### Your instructions
Write out the line with "Boxiecat Extra Strength" and every later line through the end of the data below, exactly as given, with no pictures in the copy.

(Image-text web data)
Start of Block

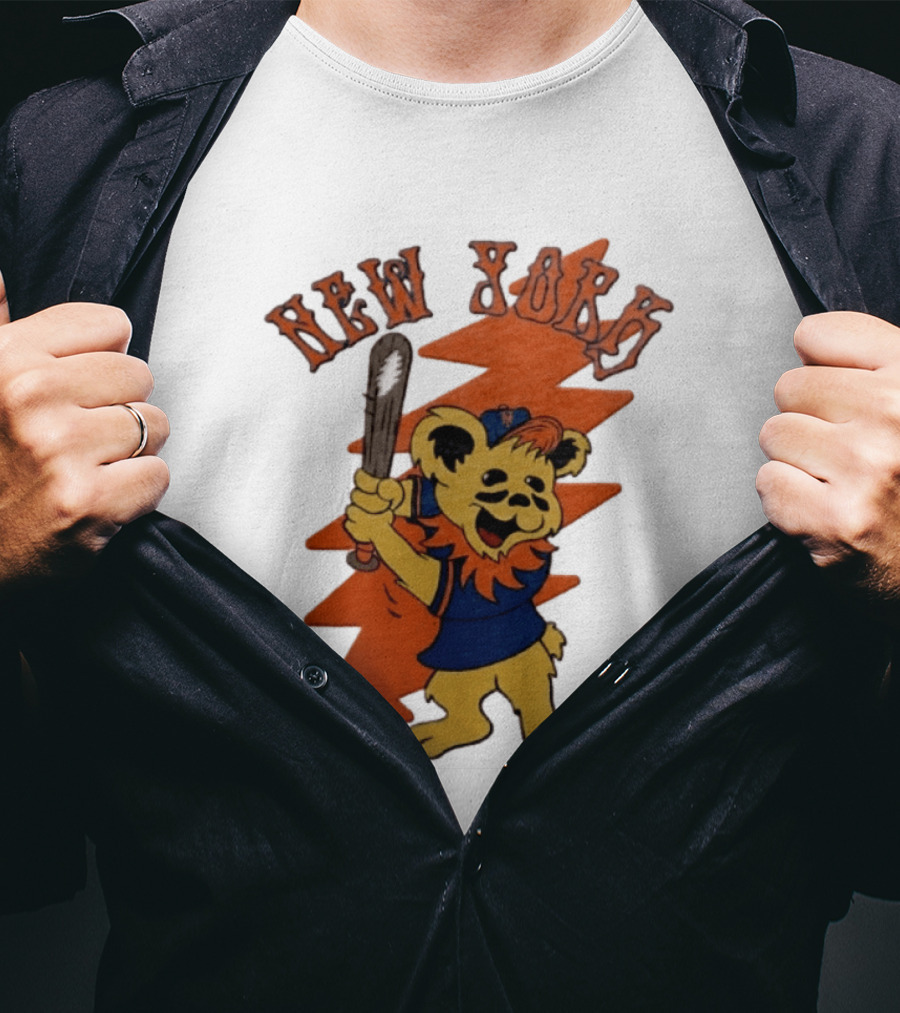 New York Grateful Dead Dancing Bear Batting Baseball Mets MLB T-Shirt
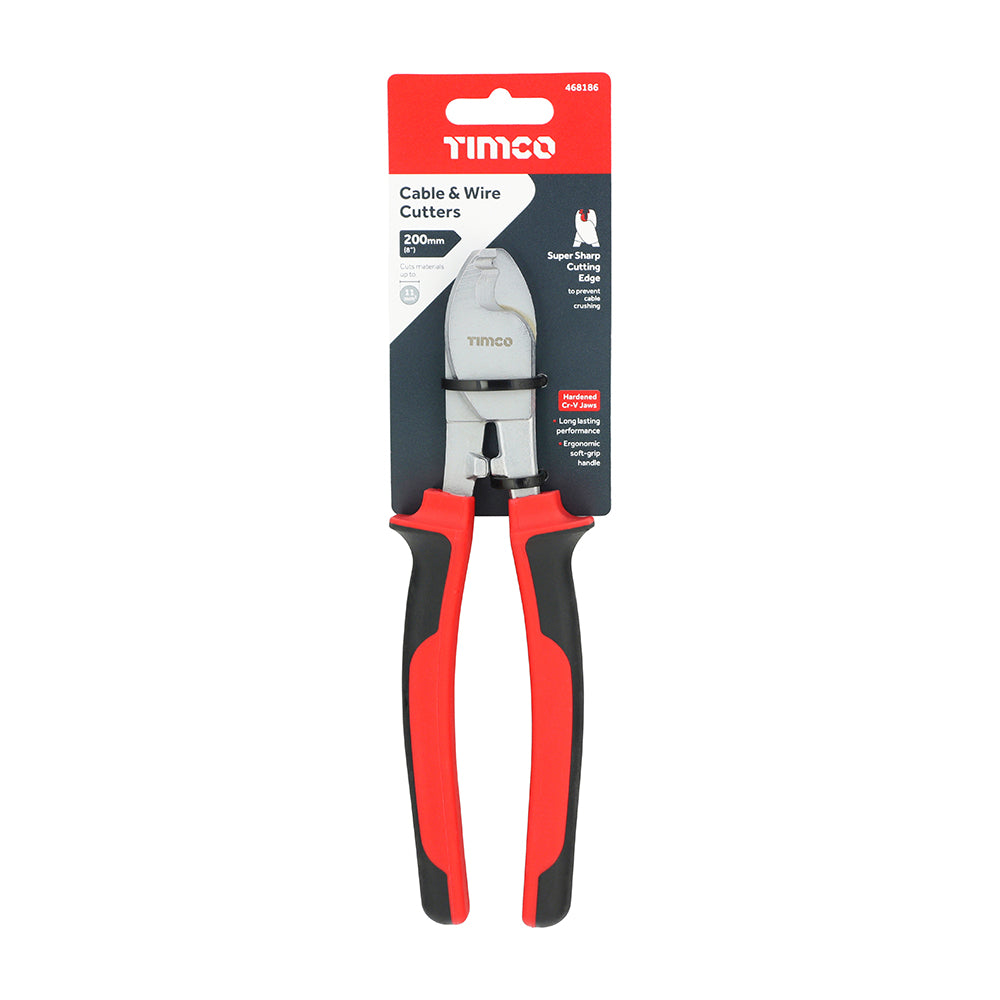 TIMCO Heavy Duty Cable & Wire Cutters, Hardened Cable Shears with Soft Grip Handles - 8" / 200mm - Image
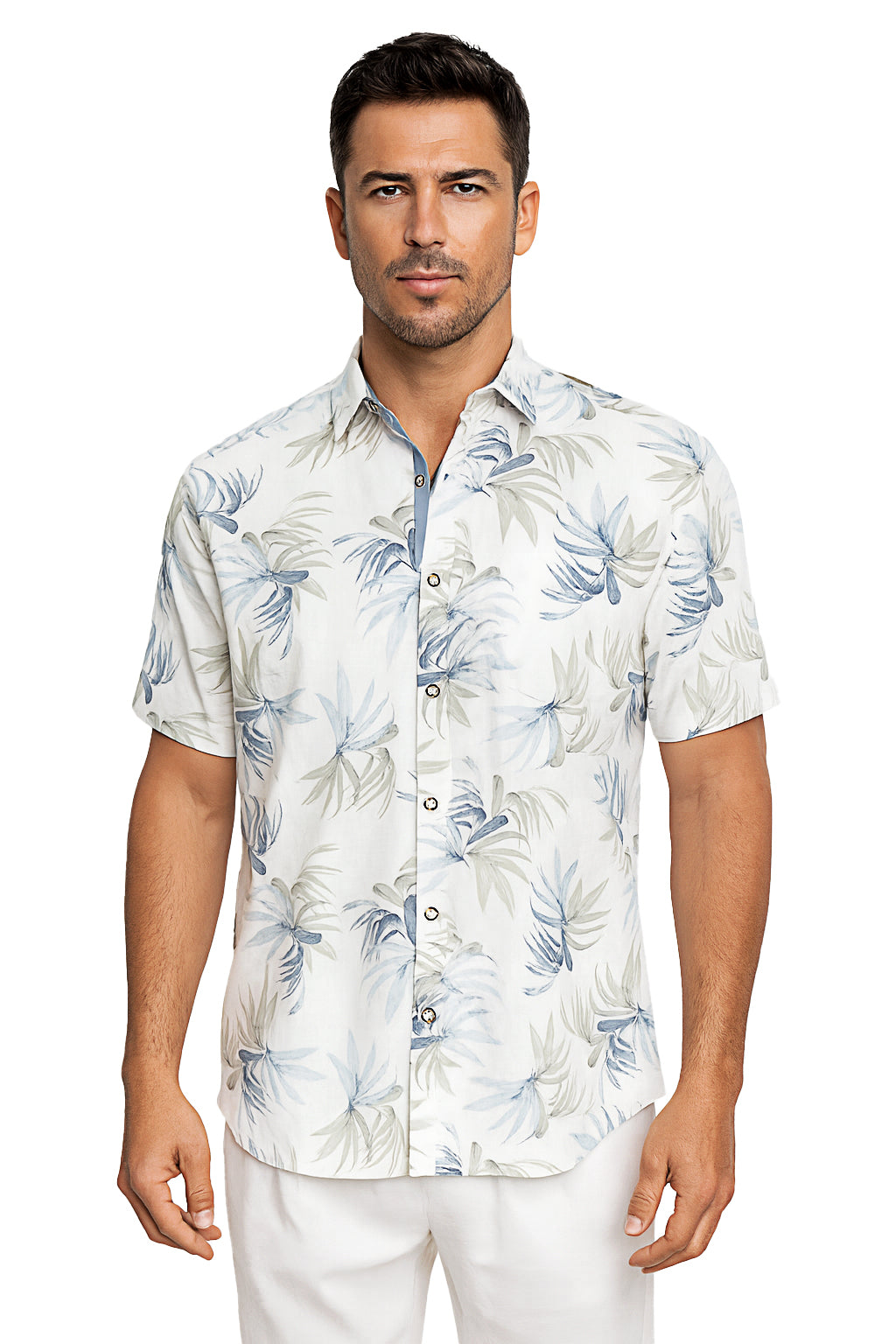 Men Cotton-Gauze Print Short Sleeve Shirt - WHITE/BLUE - BOHIO - MCS3700 - 6 PCS/PRE-PACK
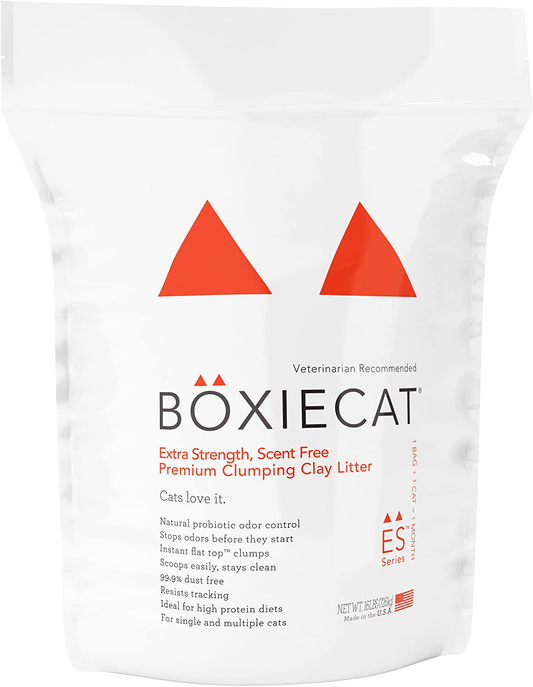 Boxiecat Extra Strength Premium Clumping Cat Litter - Clay Formula - Scent Free Multicat - Ultra Clean Litter Box, Probiotic Powered Odor Control, Hard Clumping Litter, 99.9% Dust Free Animals & Pet Supplies > Pet Supplies > Cat Supplies > Cat Litter Boxiecat 16 lb  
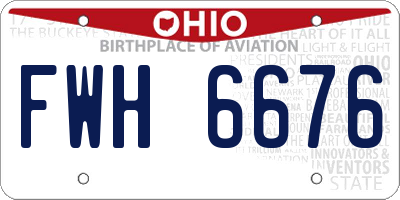 OH license plate FWH6676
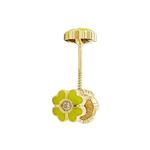 14K Yellow gold Flower cz stud earrings for Children/Kids web102 1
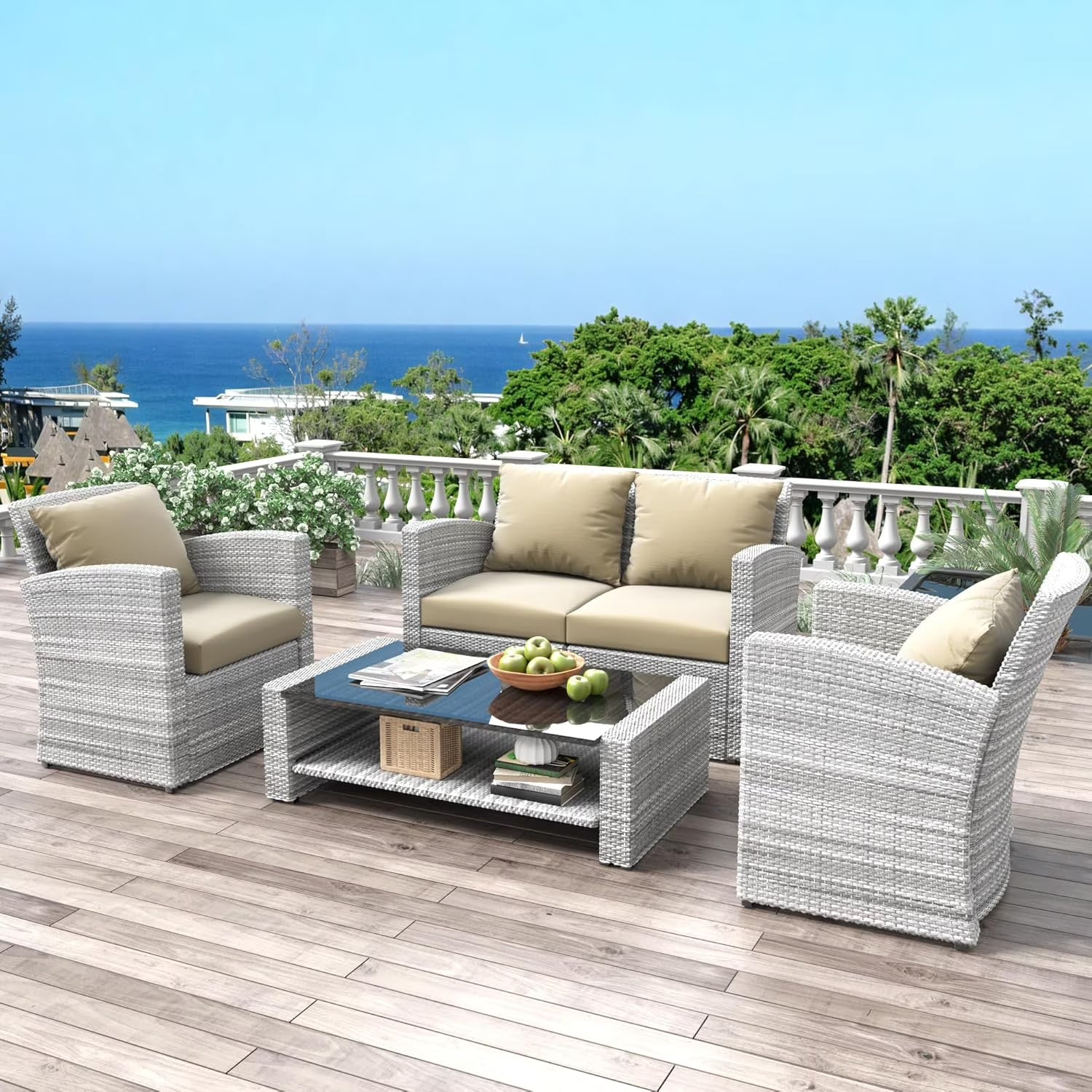 HighSound 4 Piece Patio Furniture Set, Outdoor Wicker Patio Sectional Sofa, All Weather PE Rattan Outdoor Sectional with Cushions & Coffee Table, Dark Gray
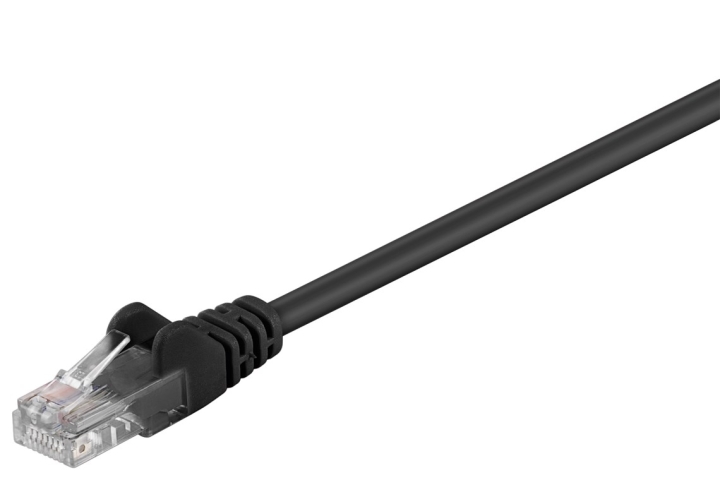 Goobay Patchkabel CAT 5e, U/UTP, svart, 0,25 m kopparklädd aluminiumtråd (CCA)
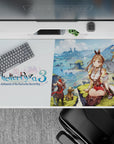 Cozy adventure anime desk pad 40x20 inches in warm browns, soft creams, and gold accents.
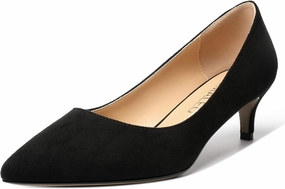 NUMALEO Womens Dating Dress Solid Pointed Toe Slip On Casual Kitten Low Heel Pumps Shoes 2 Inch
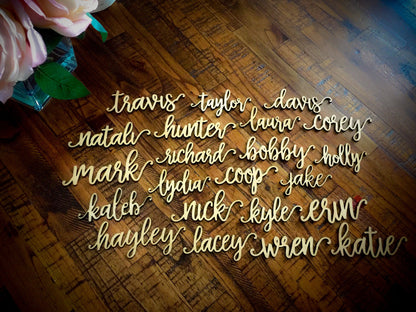 Wooden Name Place Setting for Wedding Guests - Happyism, Inc. Engraving 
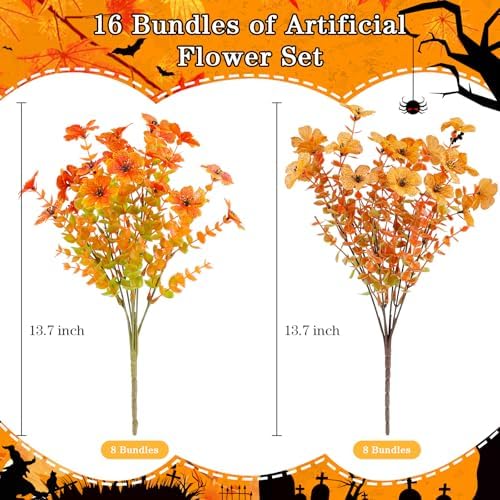 AGIRL Artificial Fall Flowers Outdoor,UV Resistant Fake Mums Porch Decor - Image 6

End of Block

### Worked solution
 Boxiecat Extra Strength Premium Clumping Cat Litter - Clay Formula - Scent Free Multicat - Ultra Clean Litter Box, Probiotic Powered Odor Control, Hard Clumping Litter, 99.9% Dust Free Animals & Pet Supplies > Pet Supplies > Cat Supplies > Cat Litter Boxiecat 16 lb  
 OH license plate FWH6676
 14K Yellow gold Flower cz stud earrings for Children/Kids web102 1
 HighSound 4 Piece Patio Furniture Set, Outdoor Wicker Patio Sectional Sofa, All Weather PE Rattan Outdoor Sectional with Cushions & Coffee Table, Dark Gray
 Goobay Patchkabel CAT 5e, U/UTP, svart, 0,25 m kopparklädd aluminiumtråd (CCA)
 Cozy adventure anime desk pad 40x20 inches in warm browns, soft creams, and gold accents.
 NUMALEO Womens Dating Dress Solid Pointed Toe Slip On Casual Kitten Low Heel Pumps Shoes 2 Inch
 Wooden Name Place Setting for Wedding Guests - Happyism, Inc. Engraving 
 AGIRL Artificial Fall Flowers Outdoor,UV Resistant Fake Mums Porch Decor - Image 6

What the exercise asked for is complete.